With an equal importance attached to humanities and science, ECJTU lays its emphasis on promoting the humanistic quality of students in order to construct a humanistic campus soaked in a harmonious blend of humanities and science. The university has been awarded the title of Advanced Unit in Comprehensive Administration of Social Management for eleven consecutive years, holding the top title for the longest time compared with any university in Jiangxi Province. It takes the leading rank in Jiangxi Province in the field of mental health education, with the settlement of province's university psychological quality development and training center and the counseling center of adolescent mental health education. Thus, it has been appraised and selected as an advanced unit for national college students' psychological health education. The university also takes the lead in running the Kongmu Lake Forum, praised as the campus version of "Lecture Room"—a CCTV program. The university still coordinates national fitness and competitive sports quite well and harvests fruitful achievements in sports, as the tennis team, track and field team, and Wushu team have repeatedly won gold medals in major sports events of national and international level. China's first Marathon World Champion Bai Xue and Men's Triple Jump Champion Cao Shuo in the Inchon Asian games are graduates of ECJTU.

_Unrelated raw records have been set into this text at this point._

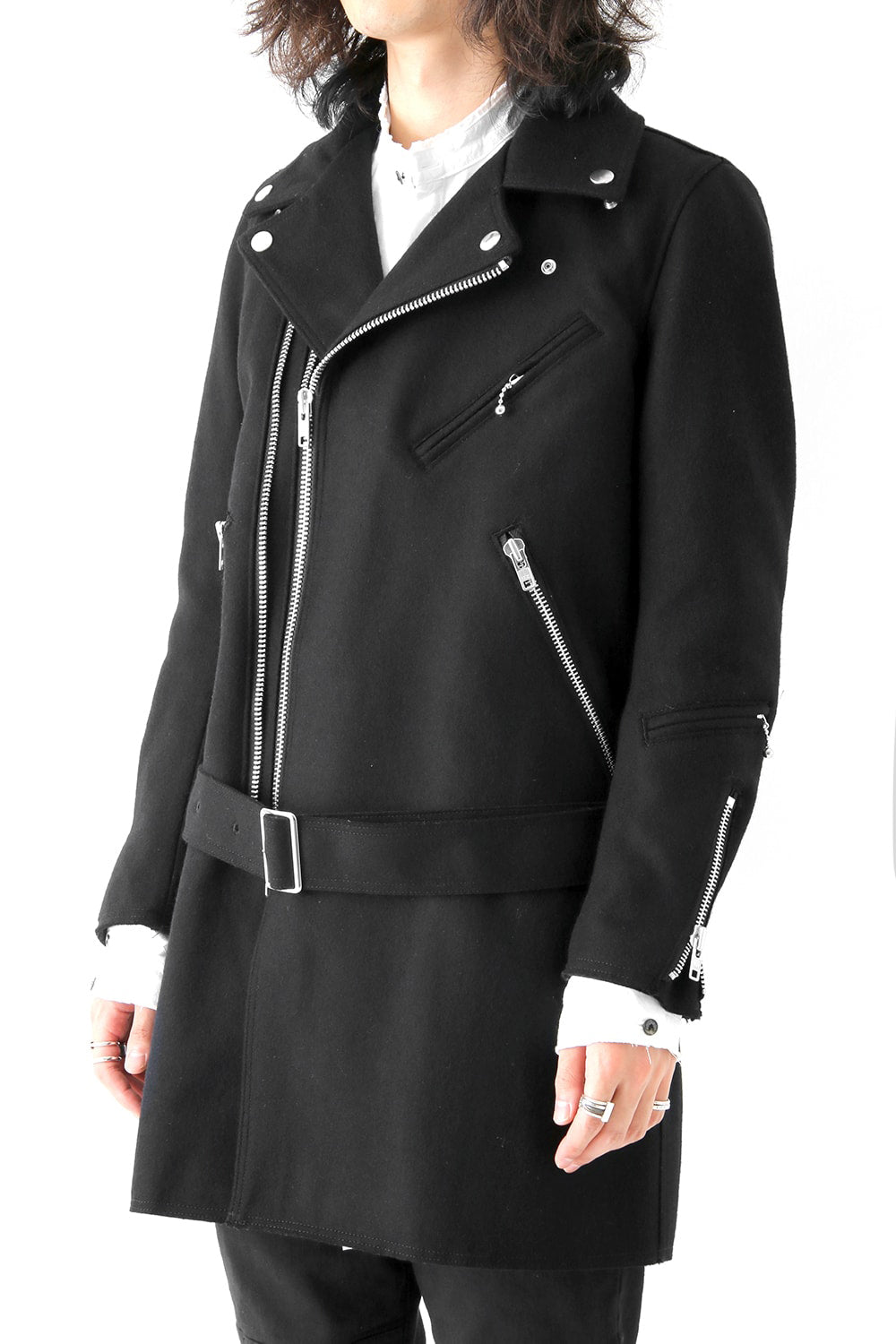 Needle Punch Melton Riders Coat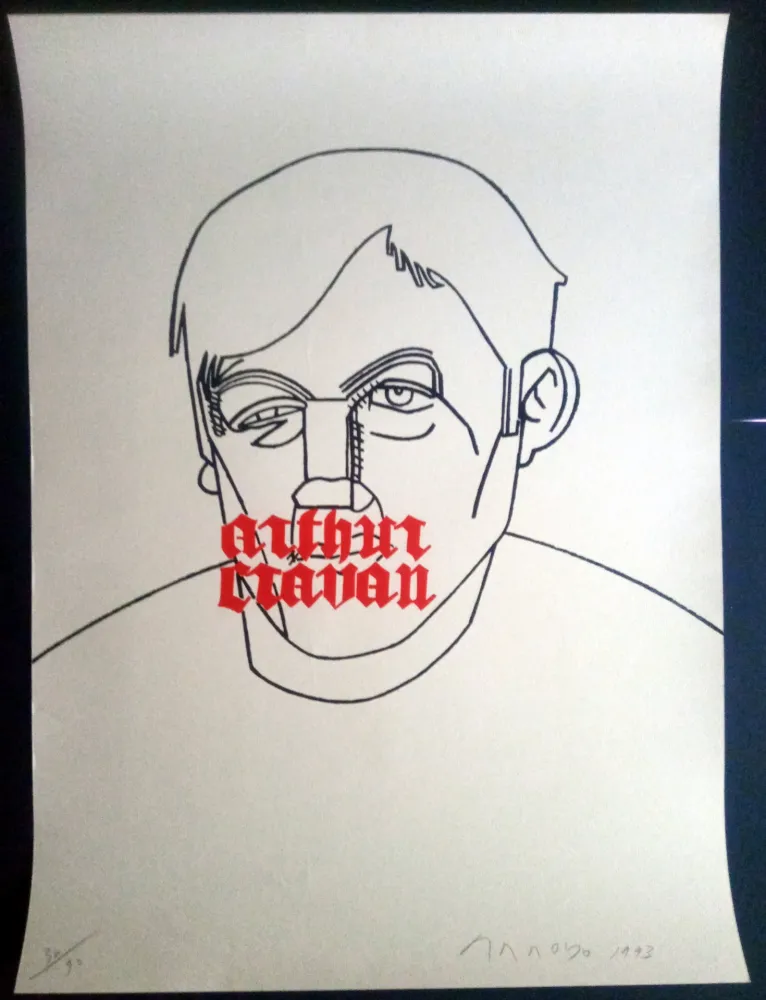 シルクスクリーン Arroyo - Arthur Cravan aprés le Combat contre J.Johnson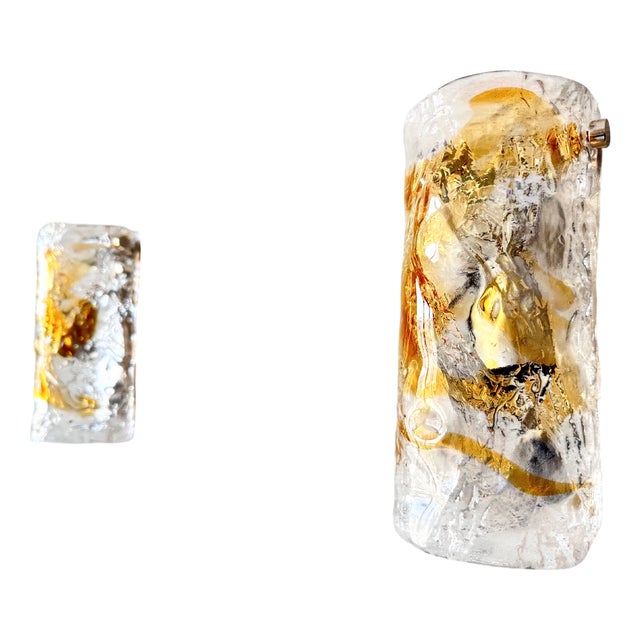 Vintage Murano Wall Lights, 1970s, Set of 2 For Sale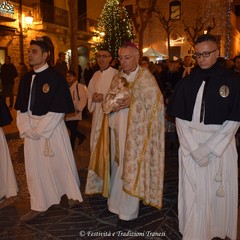 Benedizione del presepe in Piazza Libertà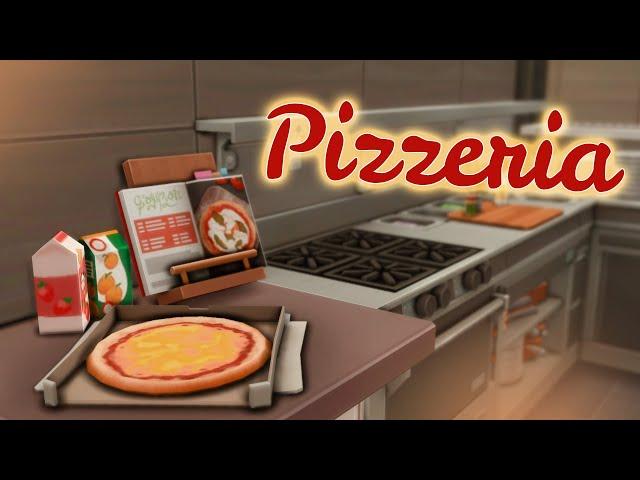 Пиццерия + КОНКУРС | Pizzeria | SpeedBuild No CC | The Sims 4 | Симс 4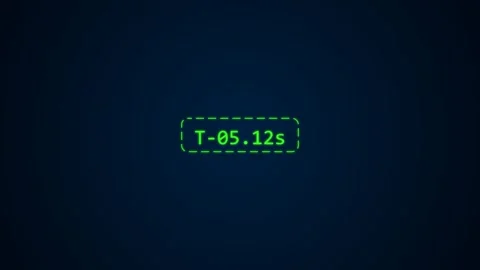 Countdown timer counts down ten seconds with glowing green 動画素材 346430898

The university lays great emphasis on international cooperation in education. It owns the right to recruit oversea students and has established multi-level cooperative relationships with more than 50 foreign universities and research institutions such as the University of North Carolina, St Petersburg National University of Transportation, and so on. They carried out various forms of cooperation in education, project research and development, course connection, credits transfer, and exchange program for teachers and students. Several double-degree cooperation modes such as 1 + 2 + 1, 2 + 2, 3 + 1, or 3 + 2 are carried forward to meet different needs of oversea students, thus conform to international practices in both course teaching and management. In recent years, ECJTU has successfully held the "International Symposium on Innovation & Sustainability of Modern Railway" four times, during which the first international scientific research project in Jiangxi Province was signed, along with the introduction of a series of international talents cultivation programs in disciplines such as international finance, and the admission of foreign students to pursue doctoral degrees in ECJTU.

The fifth Party Congress in the university, successfully held recently, has approved mid-term and long-term plans for the university, which symbolizes a start of a new journey for a second round of undertaking in order to fulfill the "Century-Old University Dream". Adhering to its motto of "Daily Renewal of Virtues, Relentless Pursuit of Perfection", the university will exert itself for tens of years under an opening atmosphere. By insisting on emancipating the mind, real practice, and solid work, we are endeavoring to build a nationally renowned Jiaotong university with distinctive features and prominent advantages, setting sails for the fulfillment of the "Century-Old University Dream".